Actress: Eric Bana used to wear one of those wigs when he was a sketch comedian impersonating Australian media personality/journalist Ray Martin. It looked disturbingly like the one in the middle, except black. Eric Bana must have a small head.
Bishop: It claims to fit all head sizes, but I’m not so sure about that. We’ll get Philip Seymour Hoffman (the man with the world’s largest head) in there to test that claim.
Actress: Good idea. Stay tuned folks…
Bishop: I’m glad they’re soft. Not only do they look EXACTLY like real hair, but they have the same texture. Wow, what a simulation.
Actress: I wish I had one now. Perfect for those bad hair days…

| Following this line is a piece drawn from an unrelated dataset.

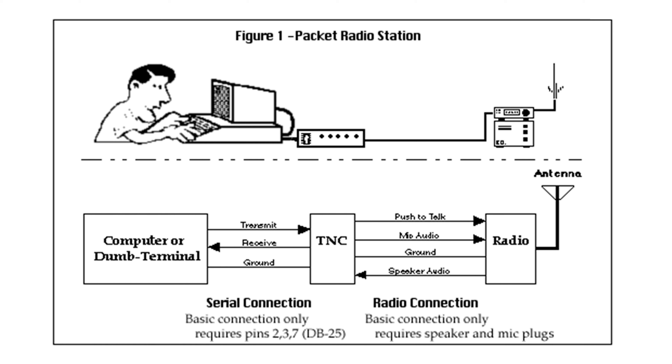Hi and welcome back to another TechMinds video. A while back a subscriber sent me a Patcom Tiny2 Mark II Packet Radio TNC, which I believe I used for testing on a Packet BBS. However, the internal battery has now gone flat. Considering this is over 30 years old, it's not surprising.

Actress: I’m particularly taken with the blonde wig on the right. I know if I was to choose a blonde wig, that would be the hairstyle I would be after…
Bishop: Definitely. It’s like a little hair plateau that sits on your head. How stylish.
Actress: You could serve food off that wig. Send little Sally with the blonde wig around at parties with hors d’oeuvres.
Bishop: Ha ha. Yes, I think that’s what it was designed for.
Bishop: The important thing is that it’s SAFE. Because if your kid was somehow injured with her own plastic wig, it would be five times as sad as if they were merely injured.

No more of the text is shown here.